Wednesday, 21 September 2011
Why your app says "no" when you try to move it to your SD card
Hey hey, you you, get off of my card!
Browse the market and you'll find bazillions of comments along the lines of: "Crapware! Dis app sux donkey ass. F*kking piece of shyt wont instal on SD."
Needless to say, the commenter usually blames the app developer for doing the right thing.
Because not all apps can run from your SD card, and even for those that can there are often good reasons why they shouldn't.
In a perfect Android world no app would run from your memory card, because you'd have so much internal memory on your phone that there'd be no need to send apps away. SD cards are more likely to be bitten by data corruption. If they're not mounted, your phone won't see them so the apps on them won't run. Memory cards are much slower than your internal memory. There are plenty of reasons why you should only install apps on your SD card if you're really out space on your internal phone memory. Moving apps to SD is a measure of last resort, and you'll need to think carefully about which apps you can dump on your card and which apps you shouldn't.
To card or not to card
Apps on your memory card are stored in a folder called .android_secure. If you open this folder in a file manager on your phone it appears empty, but if you browse your memory card from a computer you'll see what's inside. Dictionary app Euro Dictionary stores stuff in that folder, and so does language tutor busuu. Apps that require large external libraries tend to store 'em on your memory card by default because they have good reasons for that.

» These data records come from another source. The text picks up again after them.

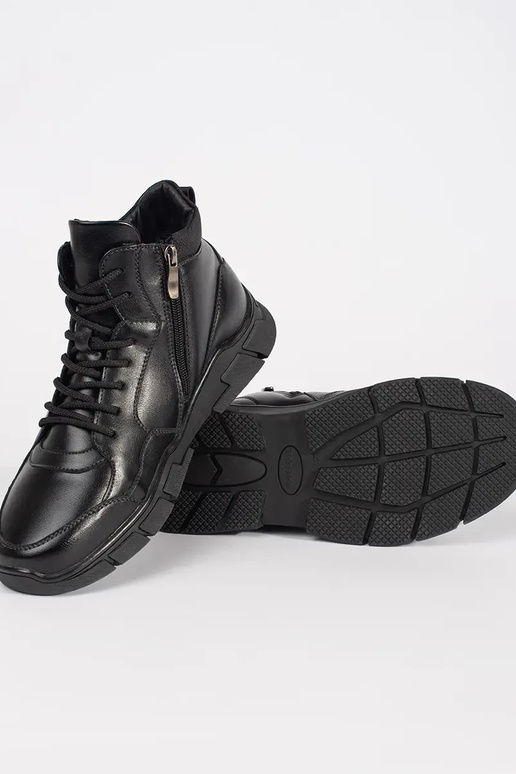 Kõrged meeste soojad saapad kunstnahast Kõrged meeste soojad saapad kunstnahast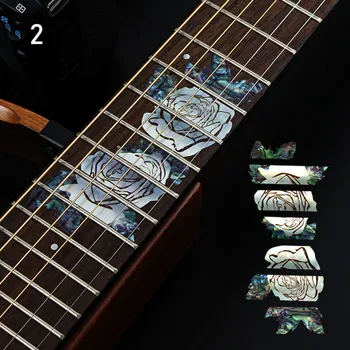 1pcs Fretboard Nalepke, Kitaro, Bas Ultra Tanek Nalepke Za Guitarra Lep Glasbeni Instrument Okraski Električna Kitara Deli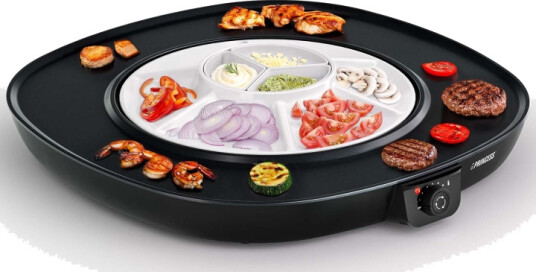 Princess Bordsgrill Table Chef Pirouette 45x47,5cm 1000W 103260 Princess Bordsgrill Table Chef Pirouette 45x47,5cm 1000W 103260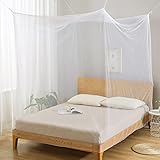 LINSOCLE Moskitonetz Bett, Moskitonetz für Reisen, Moskitonetz Doppelbett 200x200x180cm,Mosquito Net Bed für Zuhause und Camping Geeignet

And then there are apps which have no business on your SD card, because that would simply break them.
Any app with widgets needs to live on your internal phone memory. Put 'em on your SD card and your widgets won't work properly, because whenever your SD card is unmounted your phone won't see what's on it.
Anything that needs to autostart before other apps doesn't belong on your SD card either. You'd want a security app like LBE Privacy Guard to start before anything else does, wouldn't you. And DroidWall would be even more leaky on boot if it would sit on SD. Anything you move out of internal memory starts after everything else does.
Launchers? Try to move 'em to SD and see what happens. VoIP apps? Put 'em on SD and nobody can reach you when you're copying music from your PC. Alarm clocks and calendars? If your SD card is talking to your computer instead of your phone you'll oversleep and miss your flight. Keyboard apps have no business on your external card either.
And yet people punish developers by spitting negative comments and one star ratings at apps that they can't push to their cards because that would break 'em. Maybe developers should use their market descriptions to explain why their apps won't sit on SD to educate the ignorant?